The very first step when creating a Tableau dashboard is to set up a connection with a data source. Tableau allows users to connect with several kinds of data source connections such as a text file (csv), Google Sheets, Microsoft Excel file, hyper file, or a direct connection with various databases like Google BigQuery.
Connecting to the data sources that Tableau supports is generally a smooth and straight forward process. However, a lot of times, once the connection is established and dashboards are built, you might have to start all over at the data source stage again because of limitations with the data source connection that you were unaware of.
So, in this article, we will go through a few examples of limitations for some frequently used data sources.
We often store our data in Google Sheets as it is convenient to make changes, overwrite and update files. Tableau also supports Google Sheets connections. However, one of the very first limitations we should be aware of is that Google Sheets can only store data up to 5 million cells or 18,278 columns (up to column ZZZ). This won’t be an issue if adding new rows/cells to the file every day, week or month, etc. does not exceed 5 million cells.
However, what if your data exceeds the size limitations? In this case, we could stack up Google Sheets files using the Union function in Tableau as a possible solution. However, a single union can only have a maximum of 10 inputs. Since we are often dealing with quite large datasets, eventually you’ll likely reach a limitation again.
Google Sheets, as a connection with Tableau, seems like a great choice in terms of maintenance and convenience, but if you know you have a large volume of data, you might want to consider other options.
Microsoft Excel is a powerful tool for doing an analysis. Usually, calculations are tied up in Excel and then the whole Excel file is imported into Tableau as a data source. Like Google Sheets, Microsoft Excel has a drawback in terms of a maximum limit and only allows up to 1,048,576 rows by 16,384 columns.
On top of that, Microsoft Excel is stored locally, unlike Google Sheets which is stored in the cloud. Another point to consider is if you want to keep data fresh, you have to manually replace the current Excel file with an updated Excel file.
It is possible to automate this task to save time, but that would require programming knowledge or the use of additional tools. Here is an article written by my colleague on how to automatically refresh Excel/csv files.
Tableau Published Data Source
Tableau Published Data Source is a good choice in terms of security. Many organizations have a policy to which data must be kept and used in the form of published data sources. This helps protect data from being edited or manipulated by only allowing authorized users to make changes. Even if users do not not have a Tableau Desktop license, they can still connect with published data sources and make changes to the dashboards through web authoring. It is also great in terms of keeping data fresh as there are several options to do so.

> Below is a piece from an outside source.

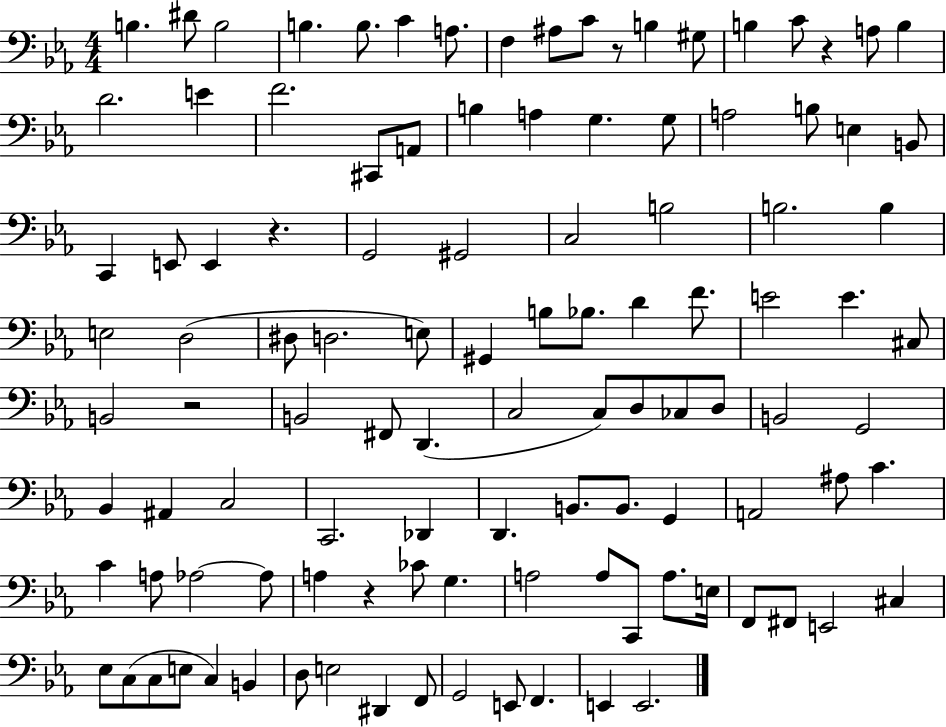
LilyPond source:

However, when we build a dashboard, we need many columns from different data tables. So, we might need to use a built-in join function in Tableau Desktop. In 2021, Tableau released a new function called Relationship. It is quite similar to join, but the relationship function is more automated, for example, you do not need to determine a join type (inner, left, right, outer) like before. It is also flexible and lets you establish one-to-one, one-to-many relationships more easily.
However, there are some circumstances where you have a secure data policy to only use Tableau published data sources, and you have many tables you want to connect together. Relationships have a drawback because you will not be able to define relationships between published data sources. You might have to workaround a bit, by connecting extract data sources in Tableau Desktop, define relationships between tables, or do the join, then publish it as a single data source on to Tableau Server.
Each data source connection has its own benefits and drawbacks. One thing to keep in mind is that you need to know your data before designing the data source. It might take some time to check all the requirements in the beginning, but it could save you a lot of time by not having to come back and redesign it all over again.